Utah's superintendent for public instruction, Scott Bean, has proposed adding another 30 to 60 minutes a day to the average school day and requiring high school students to learn two foreign languages.
His heart is in the right place, but the answers, unfortunately, aren't as easy as all that. Bean, like many people these days, is concerned about American students falling behind those of the rest of the world. In a global economy, where new technologies and opportunities abound, the nation's future depends greatly on the success of public schools.The trouble is, adding class time and a second language may be like prescribing aspirin for a broken leg. The problem simply can't be fixed with a pill, and the patient is having a harder and harder time keeping up with everyone else.
Nothing illustrates this as well as a recent analysis by Herbert J. Walberg, a professor of education and psychology at the University of Illinois at Chicago. He showed that the state of American education is bad and getting worse, and that, (surprise, surprise) the quality of education has little to do with the amount of money spent on it.
Walberg, who reported on his findings recently in the Wall Street Journal, found that the most serious problem with American schools is inefficiency. He studied the gains students made between ages 9 and 14 in reading, math and science, and found the United States lagging behind in all three. American kids made less progress in reading than any other of the 17 nations studied. Their progress was only 78 percent of the average.
The news was just as bad in math, where U.S. students gained only 73 percent as much as the average. In science, they learned 78 percent as much, but when the gains from seventh to eighth grade are compared, the results drop to 63 percent.
Walberg's analysis tracked, as much as possible, the things learned solely in school. It compensated for those things each child learned at home before formal education began at age 6. Why is this important? Because one of the favorite excuses education officials use is that kids don't get enough support at home.
Another favorite excuse is that taxpayers aren't willing to pump enough money into public schools. But Walberg found that primary schools in the United States spend an average of $5,300 per student, which is 75 percent more than the international average of $3,033. Money doesn't necessarily translate into results.
So what's the solution? Competition, of course. Or perhaps a better way to put it is to use another popular late 20th century word, "deregulation." It works in every other endeavor where performance is important; why not in education?
Earlier this month, the Utah Board of Education approved the state's first eight charter schools, which will inject a measure of competition into the system. A charter school is like a private school in that an outside group can form it and can use innovative techniques to compete for students.
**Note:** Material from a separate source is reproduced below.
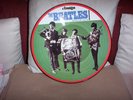 The Beatles, Big-Beat, Picture Disc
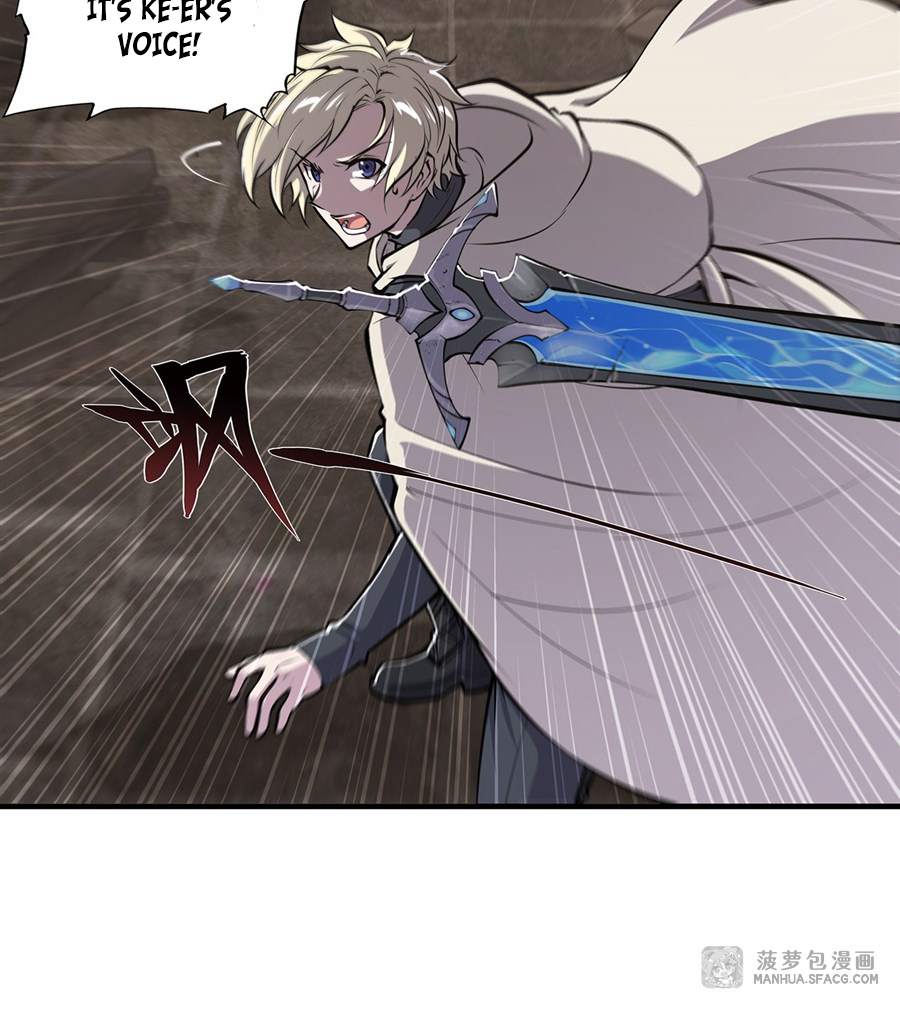 Page 26 of Chapter 205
The state will give a portion of public school funds to charters based on the number of students they enroll.
In other states, this approach has worked well. A recent New York Times Magazine report on charters in New Jersey touted the idea as being "smack in line with mainstream Republicanism - market driven, secular schools that required no tax increase."
The other idea gaining steam is, of course, the voucher system. Under this plan, states give tax vouchers to parents who want their kids to attend private schools. So far, this idea has run headlong into the question of whether governments ought to pay for children to attend religious schools. The fear is that this would be a violation of the first amendment's prohibition against the establishment of a government religion. But the Wisconsin Supreme Court recently struck down those concerns, which may signal the beginning of the end for that silly little argument, as well.
If parents want to choose to have their own money go toward a parochial education, why shouldn't they be allowed to do so? After all, the parents are the ones doing the choosing, not the government.
As a father, I am watching these first rumblings of an education revolution with interest. Generally speaking, my children have been taught well in Utah's public schools. Some teachers have been excellent. Others have been so-so.
But I see no reason to believe competition would make anything worse, particularly if it gives me a choice when confronted with a so-so teacher.
Bean is right. Schools need to do a better job preparing students for the real competition that begins after the caps and gowns are tossed in the air. But the answers don't lie in the current system.
Deregulation is never easy at first. But, just as a deregulated airline industry led to cheaper, more frequent flights and a deregulated long-distance industry led to cheaper and better telephone calls, a deregulated education industry will lead to smarter, better equipped kids - at less cost.